NPDは、他人を責めて、自分を守った気になる

今回は、主人のうつりが悪いことは誰のせいでもありません。もっと言えば、主人も悪くない。自分の理想の自分と違ったものが人目に晒されるのが怖かったんだなと、主人の性格を考えれば理解できます。そして、他人を責めて、自分が上に立ったと思い込んでいますが、そういう時ほど相手は自分を上には見ていない、むしろ「その程度の人間性なんだな」としか感じない、ということは、全く気づかないようです。
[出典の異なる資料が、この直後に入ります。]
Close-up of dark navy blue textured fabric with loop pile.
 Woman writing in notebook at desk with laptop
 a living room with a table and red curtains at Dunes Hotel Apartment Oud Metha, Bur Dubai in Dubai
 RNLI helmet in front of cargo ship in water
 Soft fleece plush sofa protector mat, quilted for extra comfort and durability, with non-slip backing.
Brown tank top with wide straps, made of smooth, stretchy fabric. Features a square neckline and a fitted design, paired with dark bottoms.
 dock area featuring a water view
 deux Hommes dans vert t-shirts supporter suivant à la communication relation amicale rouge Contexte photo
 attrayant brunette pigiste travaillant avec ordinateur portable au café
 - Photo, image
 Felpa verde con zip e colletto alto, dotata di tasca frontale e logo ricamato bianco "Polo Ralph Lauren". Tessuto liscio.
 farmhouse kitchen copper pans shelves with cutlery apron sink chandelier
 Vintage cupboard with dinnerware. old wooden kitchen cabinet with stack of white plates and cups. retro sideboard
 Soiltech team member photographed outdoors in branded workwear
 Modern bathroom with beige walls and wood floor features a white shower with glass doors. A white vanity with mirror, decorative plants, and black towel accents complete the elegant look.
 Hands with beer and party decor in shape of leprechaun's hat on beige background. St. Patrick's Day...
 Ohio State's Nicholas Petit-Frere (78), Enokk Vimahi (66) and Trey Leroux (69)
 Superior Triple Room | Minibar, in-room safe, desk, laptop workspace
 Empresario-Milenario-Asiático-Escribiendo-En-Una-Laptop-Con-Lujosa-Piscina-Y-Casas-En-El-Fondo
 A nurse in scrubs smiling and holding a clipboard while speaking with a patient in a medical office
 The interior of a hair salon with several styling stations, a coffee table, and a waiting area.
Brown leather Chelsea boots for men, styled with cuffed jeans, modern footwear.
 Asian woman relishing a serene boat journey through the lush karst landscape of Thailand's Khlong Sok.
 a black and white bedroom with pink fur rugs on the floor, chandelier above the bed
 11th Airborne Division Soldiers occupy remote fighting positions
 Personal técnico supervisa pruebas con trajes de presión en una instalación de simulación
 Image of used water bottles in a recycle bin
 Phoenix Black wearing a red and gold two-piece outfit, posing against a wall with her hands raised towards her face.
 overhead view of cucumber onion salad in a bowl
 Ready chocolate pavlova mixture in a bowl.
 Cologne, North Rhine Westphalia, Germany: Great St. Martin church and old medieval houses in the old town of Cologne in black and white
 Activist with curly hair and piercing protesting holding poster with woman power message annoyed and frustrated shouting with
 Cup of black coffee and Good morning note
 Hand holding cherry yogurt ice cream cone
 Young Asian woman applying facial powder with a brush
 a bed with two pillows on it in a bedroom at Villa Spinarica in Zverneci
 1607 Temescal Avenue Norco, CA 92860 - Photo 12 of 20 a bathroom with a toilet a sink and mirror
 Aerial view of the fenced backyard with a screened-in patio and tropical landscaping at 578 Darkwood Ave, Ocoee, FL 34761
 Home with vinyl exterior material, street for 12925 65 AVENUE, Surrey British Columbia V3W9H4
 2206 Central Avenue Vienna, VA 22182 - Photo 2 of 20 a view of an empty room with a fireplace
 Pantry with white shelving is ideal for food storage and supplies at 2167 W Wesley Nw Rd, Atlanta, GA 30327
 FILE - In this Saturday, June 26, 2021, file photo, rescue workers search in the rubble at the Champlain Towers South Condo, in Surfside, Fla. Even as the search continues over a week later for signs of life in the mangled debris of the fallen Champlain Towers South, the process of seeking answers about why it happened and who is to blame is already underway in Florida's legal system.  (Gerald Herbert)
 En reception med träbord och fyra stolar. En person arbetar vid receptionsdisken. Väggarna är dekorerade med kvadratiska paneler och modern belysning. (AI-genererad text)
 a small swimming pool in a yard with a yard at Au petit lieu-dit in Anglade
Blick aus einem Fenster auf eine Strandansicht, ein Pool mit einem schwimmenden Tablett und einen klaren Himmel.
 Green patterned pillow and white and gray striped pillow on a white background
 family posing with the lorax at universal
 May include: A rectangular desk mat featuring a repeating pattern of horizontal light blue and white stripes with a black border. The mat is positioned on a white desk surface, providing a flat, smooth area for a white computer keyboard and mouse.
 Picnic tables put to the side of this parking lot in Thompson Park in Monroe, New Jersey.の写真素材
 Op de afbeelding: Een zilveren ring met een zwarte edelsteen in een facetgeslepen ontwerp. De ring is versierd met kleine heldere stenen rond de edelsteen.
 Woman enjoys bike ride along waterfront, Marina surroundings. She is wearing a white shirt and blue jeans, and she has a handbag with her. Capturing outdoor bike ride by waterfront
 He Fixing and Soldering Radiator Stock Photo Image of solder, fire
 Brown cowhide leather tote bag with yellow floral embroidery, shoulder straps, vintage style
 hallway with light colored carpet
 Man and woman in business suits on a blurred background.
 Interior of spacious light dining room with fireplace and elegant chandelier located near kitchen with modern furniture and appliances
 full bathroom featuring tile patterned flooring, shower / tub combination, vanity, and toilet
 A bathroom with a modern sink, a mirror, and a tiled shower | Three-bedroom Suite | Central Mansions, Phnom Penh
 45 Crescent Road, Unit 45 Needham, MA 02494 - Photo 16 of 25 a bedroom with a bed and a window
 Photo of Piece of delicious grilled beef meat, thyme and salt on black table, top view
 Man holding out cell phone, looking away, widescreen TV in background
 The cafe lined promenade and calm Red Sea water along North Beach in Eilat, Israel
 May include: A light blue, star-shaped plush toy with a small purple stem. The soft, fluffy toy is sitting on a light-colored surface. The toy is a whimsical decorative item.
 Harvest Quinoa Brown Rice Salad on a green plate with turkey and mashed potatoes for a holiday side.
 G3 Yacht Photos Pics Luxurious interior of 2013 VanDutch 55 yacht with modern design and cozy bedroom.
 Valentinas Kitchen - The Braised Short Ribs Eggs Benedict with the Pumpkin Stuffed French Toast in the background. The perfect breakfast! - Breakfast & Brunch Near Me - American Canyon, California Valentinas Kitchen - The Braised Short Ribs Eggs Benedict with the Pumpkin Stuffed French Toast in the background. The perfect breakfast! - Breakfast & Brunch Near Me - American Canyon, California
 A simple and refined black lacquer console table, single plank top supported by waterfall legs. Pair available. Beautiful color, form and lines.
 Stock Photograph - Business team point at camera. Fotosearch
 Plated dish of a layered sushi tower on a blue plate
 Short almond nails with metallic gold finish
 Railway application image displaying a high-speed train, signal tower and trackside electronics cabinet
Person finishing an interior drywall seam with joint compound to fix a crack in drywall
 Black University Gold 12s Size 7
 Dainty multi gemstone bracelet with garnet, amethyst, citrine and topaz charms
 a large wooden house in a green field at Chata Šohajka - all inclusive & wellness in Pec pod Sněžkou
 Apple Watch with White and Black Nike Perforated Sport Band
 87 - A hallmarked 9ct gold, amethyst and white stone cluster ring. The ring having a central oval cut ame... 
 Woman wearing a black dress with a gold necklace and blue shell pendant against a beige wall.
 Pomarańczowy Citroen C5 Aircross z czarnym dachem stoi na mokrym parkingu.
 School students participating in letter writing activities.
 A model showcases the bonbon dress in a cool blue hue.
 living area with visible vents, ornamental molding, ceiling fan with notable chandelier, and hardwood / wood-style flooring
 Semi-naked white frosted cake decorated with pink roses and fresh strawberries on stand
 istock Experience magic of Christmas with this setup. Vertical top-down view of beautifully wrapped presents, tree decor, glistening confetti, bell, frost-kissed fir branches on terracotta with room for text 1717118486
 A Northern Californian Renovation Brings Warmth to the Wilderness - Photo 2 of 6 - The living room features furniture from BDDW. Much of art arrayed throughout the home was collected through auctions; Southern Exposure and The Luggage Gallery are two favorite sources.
「自分が悪いとは微塵も思わない」という、非情なサイコパスとは、少し違う。自分が悪いって気づいてしまうと、自分は素晴らしい人間であるから他人に批判されてはならないし、そんなのは耐えられないし、恥ずかしい。簡単にいうと「心からごめんなさいが素直に言えない人」がNPDのような気がします。ごめんなさい、って言ったら負けだと思っている。でも、「謝ったほうが立場的に有利」とわかった場面では、恐ろしく丁寧に謝罪をする。彼が変わることは永遠にないかもしてないけれど、私が不当に傷つき続ける必要もない。

NPDも育ってきた家庭環境が少なからず影響しているわけで、そう考えると、主人の母(義母)も同じような反応をする人です。いつか、その話もしたいと思います。